• Instructions to follow: Your answer should restate each line of the data below word for word.

Dataset excerpts:

★ ★ ★

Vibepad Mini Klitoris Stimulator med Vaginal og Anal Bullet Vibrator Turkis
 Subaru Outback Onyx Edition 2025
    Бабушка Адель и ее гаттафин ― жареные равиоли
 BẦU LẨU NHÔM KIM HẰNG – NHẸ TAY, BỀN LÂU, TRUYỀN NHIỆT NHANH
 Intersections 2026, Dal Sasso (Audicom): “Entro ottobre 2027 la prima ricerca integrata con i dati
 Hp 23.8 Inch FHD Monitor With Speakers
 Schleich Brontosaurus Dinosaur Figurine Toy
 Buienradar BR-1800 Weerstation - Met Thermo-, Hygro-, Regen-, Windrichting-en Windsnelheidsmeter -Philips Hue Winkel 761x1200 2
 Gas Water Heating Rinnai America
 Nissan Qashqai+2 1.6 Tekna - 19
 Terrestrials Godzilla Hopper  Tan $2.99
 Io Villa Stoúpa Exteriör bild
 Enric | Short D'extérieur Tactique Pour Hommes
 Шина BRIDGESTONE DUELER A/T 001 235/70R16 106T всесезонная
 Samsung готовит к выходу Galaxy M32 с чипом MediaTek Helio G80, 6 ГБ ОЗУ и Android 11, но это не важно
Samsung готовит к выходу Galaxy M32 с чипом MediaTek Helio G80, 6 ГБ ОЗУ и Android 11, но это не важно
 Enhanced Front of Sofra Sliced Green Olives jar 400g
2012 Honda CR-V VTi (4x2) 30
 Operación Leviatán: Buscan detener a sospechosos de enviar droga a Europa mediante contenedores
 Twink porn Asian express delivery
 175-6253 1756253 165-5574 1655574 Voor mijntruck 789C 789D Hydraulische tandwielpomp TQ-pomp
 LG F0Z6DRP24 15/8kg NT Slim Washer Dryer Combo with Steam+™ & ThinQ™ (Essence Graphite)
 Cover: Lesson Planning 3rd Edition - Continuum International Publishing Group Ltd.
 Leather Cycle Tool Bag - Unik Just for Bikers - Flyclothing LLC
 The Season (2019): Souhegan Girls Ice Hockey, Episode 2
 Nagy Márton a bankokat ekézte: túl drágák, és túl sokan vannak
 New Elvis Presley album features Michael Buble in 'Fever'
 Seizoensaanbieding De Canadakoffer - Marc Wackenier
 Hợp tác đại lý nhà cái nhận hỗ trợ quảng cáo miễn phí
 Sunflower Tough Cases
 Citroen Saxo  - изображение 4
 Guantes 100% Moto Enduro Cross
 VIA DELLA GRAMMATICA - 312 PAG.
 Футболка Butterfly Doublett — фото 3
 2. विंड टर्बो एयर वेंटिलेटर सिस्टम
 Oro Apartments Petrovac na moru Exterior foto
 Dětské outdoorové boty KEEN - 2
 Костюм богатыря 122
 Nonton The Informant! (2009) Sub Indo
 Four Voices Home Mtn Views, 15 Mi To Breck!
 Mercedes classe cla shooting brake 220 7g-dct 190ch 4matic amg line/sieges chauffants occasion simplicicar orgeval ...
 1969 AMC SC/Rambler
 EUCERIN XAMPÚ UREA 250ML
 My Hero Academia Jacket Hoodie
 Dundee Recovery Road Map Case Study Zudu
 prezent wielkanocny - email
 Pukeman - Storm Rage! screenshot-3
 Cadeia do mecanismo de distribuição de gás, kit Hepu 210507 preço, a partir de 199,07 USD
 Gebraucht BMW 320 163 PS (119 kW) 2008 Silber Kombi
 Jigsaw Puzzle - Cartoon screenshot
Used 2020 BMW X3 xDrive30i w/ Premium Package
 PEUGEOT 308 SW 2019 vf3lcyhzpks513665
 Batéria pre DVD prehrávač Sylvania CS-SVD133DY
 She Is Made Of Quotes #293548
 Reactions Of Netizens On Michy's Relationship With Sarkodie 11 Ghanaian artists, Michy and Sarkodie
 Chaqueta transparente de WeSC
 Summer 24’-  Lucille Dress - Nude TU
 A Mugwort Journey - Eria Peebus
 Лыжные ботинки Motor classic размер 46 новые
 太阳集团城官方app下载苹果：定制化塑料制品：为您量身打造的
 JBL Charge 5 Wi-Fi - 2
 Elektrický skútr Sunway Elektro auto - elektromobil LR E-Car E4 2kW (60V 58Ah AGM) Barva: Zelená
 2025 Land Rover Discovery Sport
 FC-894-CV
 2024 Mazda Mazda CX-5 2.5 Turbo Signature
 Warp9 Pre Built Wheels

★ ★ ★

• Answer:
Vibepad Mini Klitoris Stimulator med Vaginal og Anal Bullet Vibrator Turkis
 Subaru Outback Onyx Edition 2025
    Бабушка Адель и ее гаттафин ― жареные равиоли
 BẦU LẨU NHÔM KIM HẰNG – NHẸ TAY, BỀN LÂU, TRUYỀN NHIỆT NHANH
 Intersections 2026, Dal Sasso (Audicom): “Entro ottobre 2027 la prima ricerca integrata con i dati
 Hp 23.8 Inch FHD Monitor With Speakers
 Schleich Brontosaurus Dinosaur Figurine Toy
 Buienradar BR-1800 Weerstation - Met Thermo-, Hygro-, Regen-, Windrichting-en Windsnelheidsmeter -Philips Hue Winkel 761x1200 2
 Gas Water Heating Rinnai America
 Nissan Qashqai+2 1.6 Tekna - 19
 Terrestrials Godzilla Hopper  Tan $2.99
 Io Villa Stoúpa Exteriör bild
 Enric | Short D'extérieur Tactique Pour Hommes
 Шина BRIDGESTONE DUELER A/T 001 235/70R16 106T всесезонная
 Samsung готовит к выходу Galaxy M32 с чипом MediaTek Helio G80, 6 ГБ ОЗУ и Android 11, но это не важно
Samsung готовит к выходу Galaxy M32 с чипом MediaTek Helio G80, 6 ГБ ОЗУ и Android 11, но это не важно
 Enhanced Front of Sofra Sliced Green Olives jar 400g
2012 Honda CR-V VTi (4x2) 30
 Operación Leviatán: Buscan detener a sospechosos de enviar droga a Europa mediante contenedores
 Twink porn Asian express delivery
 175-6253 1756253 165-5574 1655574 Voor mijntruck 789C 789D Hydraulische tandwielpomp TQ-pomp
 LG F0Z6DRP24 15/8kg NT Slim Washer Dryer Combo with Steam+™ & ThinQ™ (Essence Graphite)
 Cover: Lesson Planning 3rd Edition - Continuum International Publishing Group Ltd.
 Leather Cycle Tool Bag - Unik Just for Bikers - Flyclothing LLC
 The Season (2019): Souhegan Girls Ice Hockey, Episode 2
 Nagy Márton a bankokat ekézte: túl drágák, és túl sokan vannak
 New Elvis Presley album features Michael Buble in 'Fever'
 Seizoensaanbieding De Canadakoffer - Marc Wackenier
 Hợp tác đại lý nhà cái nhận hỗ trợ quảng cáo miễn phí
 Sunflower Tough Cases
 Citroen Saxo  - изображение 4
 Guantes 100% Moto Enduro Cross
 VIA DELLA GRAMMATICA - 312 PAG.
 Футболка Butterfly Doublett — фото 3
 2. विंड टर्बो एयर वेंटिलेटर सिस्टम
 Oro Apartments Petrovac na moru Exterior foto
 Dětské outdoorové boty KEEN - 2
 Костюм богатыря 122
 Nonton The Informant! (2009) Sub Indo
 Four Voices Home Mtn Views, 15 Mi To Breck!
 Mercedes classe cla shooting brake 220 7g-dct 190ch 4matic amg line/sieges chauffants occasion simplicicar orgeval ...
 1969 AMC SC/Rambler
 EUCERIN XAMPÚ UREA 250ML
 My Hero Academia Jacket Hoodie
 Dundee Recovery Road Map Case Study Zudu
 prezent wielkanocny - email
 Pukeman - Storm Rage! screenshot-3
 Cadeia do mecanismo de distribuição de gás, kit Hepu 210507 preço, a partir de 199,07 USD
 Gebraucht BMW 320 163 PS (119 kW) 2008 Silber Kombi
 Jigsaw Puzzle - Cartoon screenshot
Used 2020 BMW X3 xDrive30i w/ Premium Package
 PEUGEOT 308 SW 2019 vf3lcyhzpks513665
 Batéria pre DVD prehrávač Sylvania CS-SVD133DY
 She Is Made Of Quotes #293548
 Reactions Of Netizens On Michy's Relationship With Sarkodie 11 Ghanaian artists, Michy and Sarkodie
 Chaqueta transparente de WeSC
 Summer 24’-  Lucille Dress - Nude TU
 A Mugwort Journey - Eria Peebus
 Лыжные ботинки Motor classic размер 46 новые
 太阳集团城官方app下载苹果：定制化塑料制品：为您量身打造的
 JBL Charge 5 Wi-Fi - 2
 Elektrický skútr Sunway Elektro auto - elektromobil LR E-Car E4 2kW (60V 58Ah AGM) Barva: Zelená
 2025 Land Rover Discovery Sport
 FC-894-CV
 2024 Mazda Mazda CX-5 2.5 Turbo Signature
 Warp9 Pre Built Wheels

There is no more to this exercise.